**DATA BLOCK**.
☆ ☆ ☆
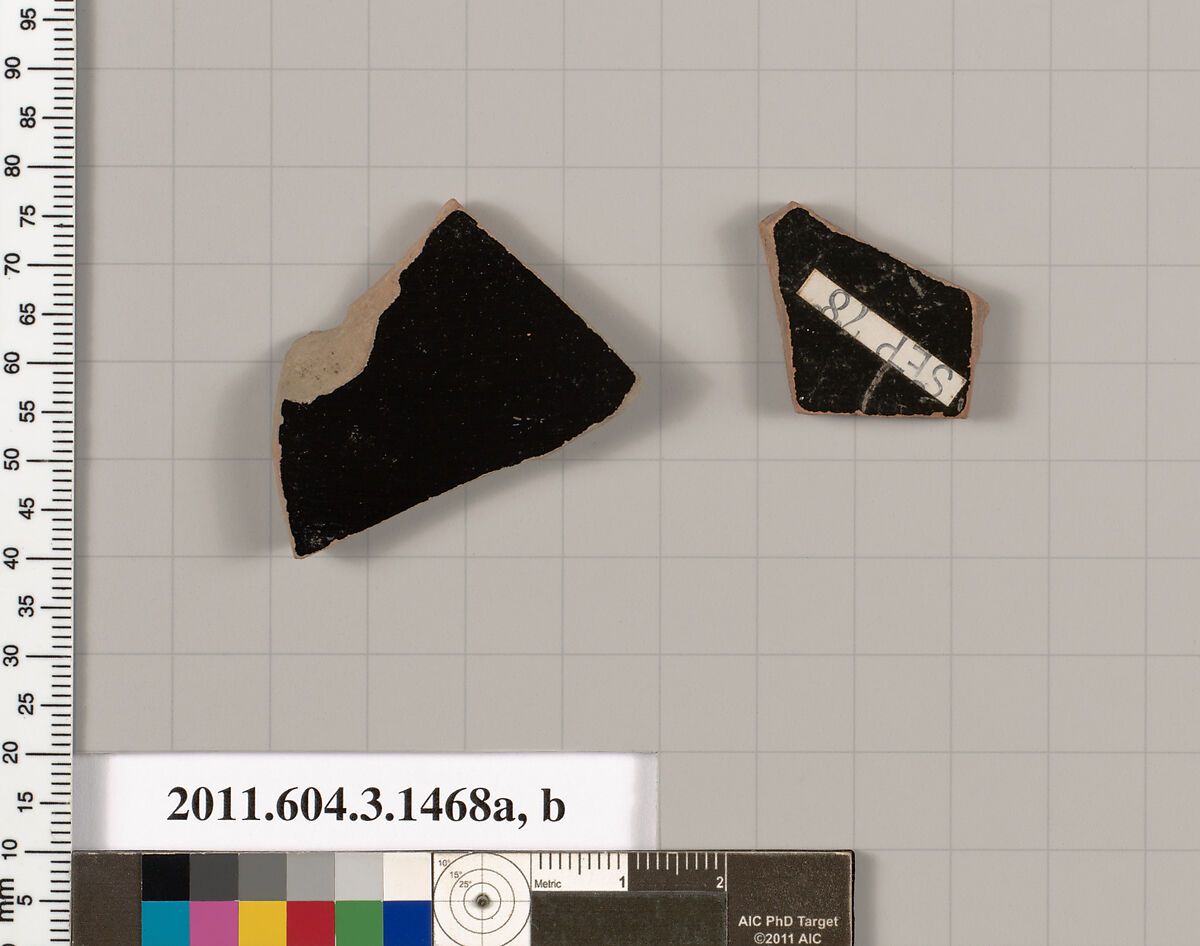Terracotta fragments of skyphoi (deep drinking cups), Terracotta, Greek, Attic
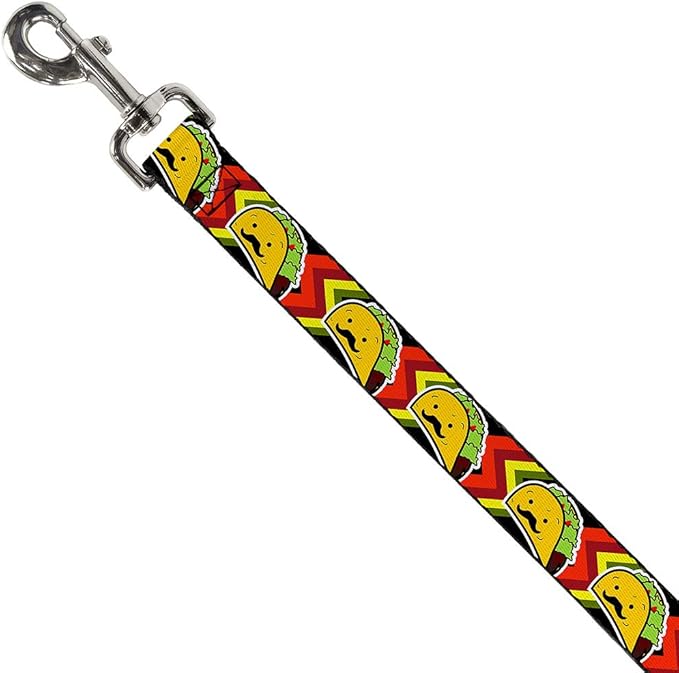 Buckle-Down Pet Leash - Taco Man - 6 Feet Long - 1.5" Wide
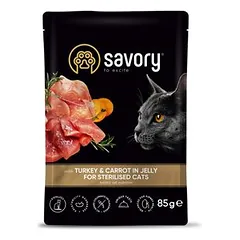 Savory Nassfutter für sterilisierte Katzen mit Pute & Karotte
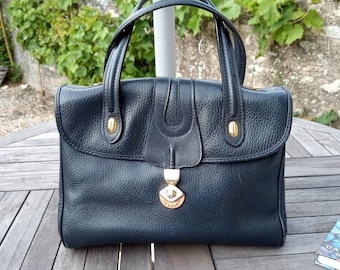 Italian Vintage Isanti Grained Leather Kelly Handbag/Purse.Made in Milan. Full Grain Leather Dark Blue Top Handle Handbag/Purse from Italy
☆ ☆ ☆
**PROBLEM TO WORK ON**. The expected answer is the lines from the one that has "Savory Nassfutter für" to the end of the listing, transcribed exactly, with pictures left out and no other line added.

**WORKED SOLUTION**.
 Savory Nassfutter für sterilisierte Katzen mit Pute & Karotte
 Italian Vintage Isanti Grained Leather Kelly Handbag/Purse.Made in Milan. Full Grain Leather Dark Blue Top Handle Handbag/Purse from Italy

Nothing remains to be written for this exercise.